La vicenda, però, non finisce qui. Perché dopo la gravidanza, Chiara inizia ad essere oggetto di vere e proprie discriminazioni. La donna racconta così la sua vicenda: «Appena tornata al lavoro, sono stata demansionata. Mentre ero in maternità hanno assunto una persona a tempo indeterminato per sostituirmi e un consulente dell'azienda mi aveva proposto dimissioni incentivate con una buona uscita. Mi ha detto: "Ti conviene accettare l'offerta, se rientri al lavoro ti faranno morire"».

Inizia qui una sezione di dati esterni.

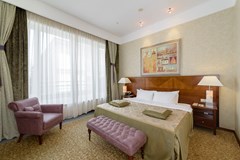Peter I: Room APARTMENT STANDARD - photo 21
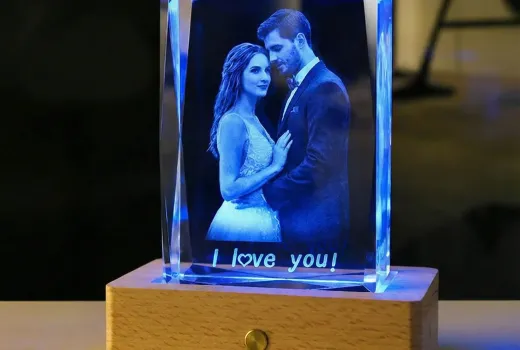 Dévoilement du procédé CustMake : comment « insérer » une photo dans du cristal sans endommager sa surface ?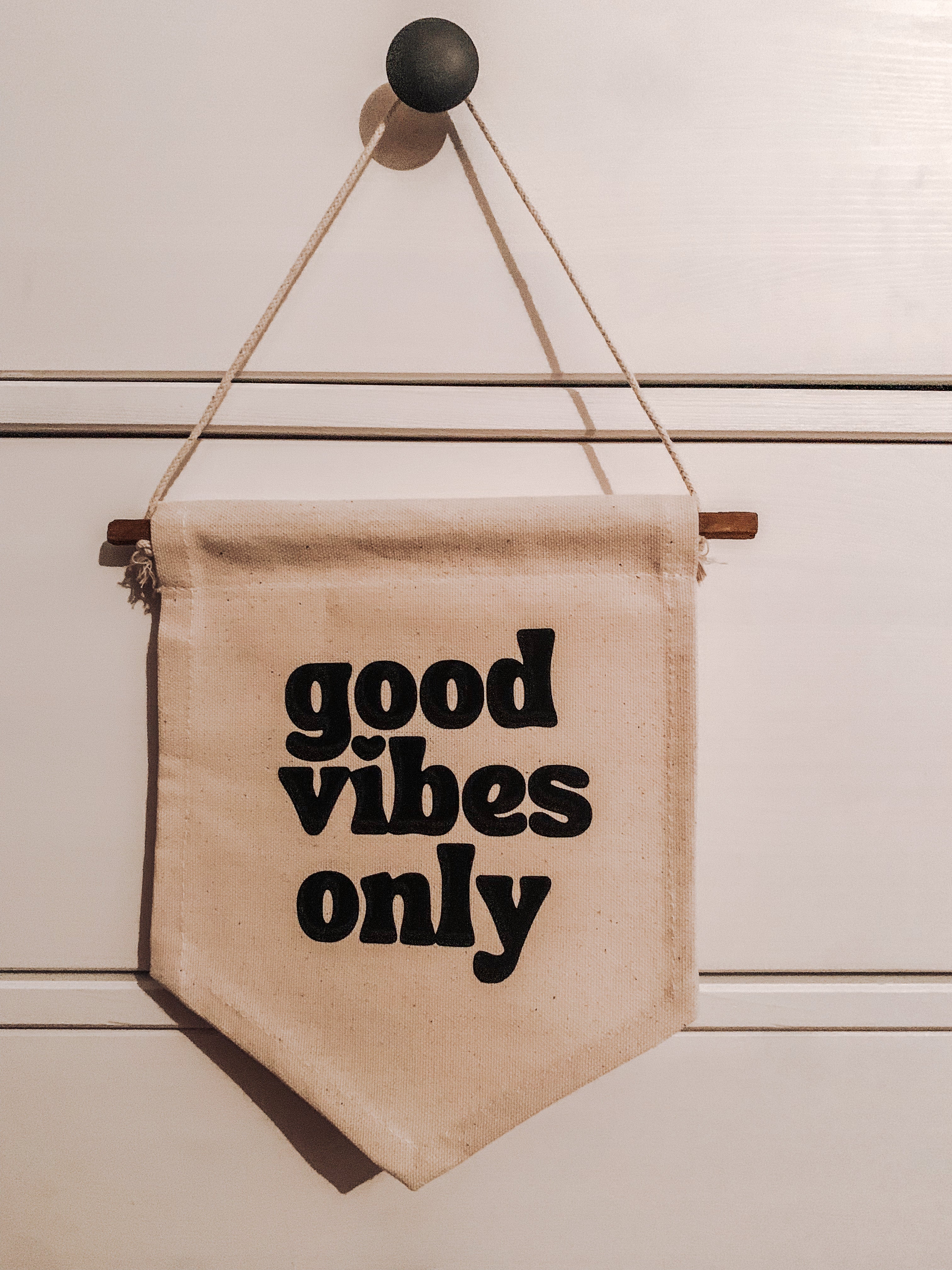 Good Vibes Only canvas flag /banner /pendant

Parole che suonano vagamente minacciose, ma che sono il preludio a ciò che avrebbe vissuto la donna di lì a poco. «Tornata al lavoro dopo la maternità, non sono stata ricevuta dai dirigenti dell'azienda ma da un consulente, che mi aveva comunicato il riposizionamento. Ero responsabile di reparto, mi sono ritrovata a fare fotocopie, rispondere al citofono ma non al telefono, archiviare fascicoli e distruggere documenti» - spiega ancora Chiara, che si è rivolta alla Cgil - «Nel mio pc non c'è la posta elettronica, vengo esclusa dalle riunioni e tutti mi ignorano. Avevano addirittura cambiato il cancello elettrico e solo a me non era stato consegnato il telecomando. Anche i colleghi avevano iniziato ad attaccarmi, facendo osservazioni su presunti errori».

Proprio per questo, Chiara ha deciso di rivolgersi al sindacato: «Sto vivendo una situazione preoccupante, ma vado avanti perché so di aver ragione».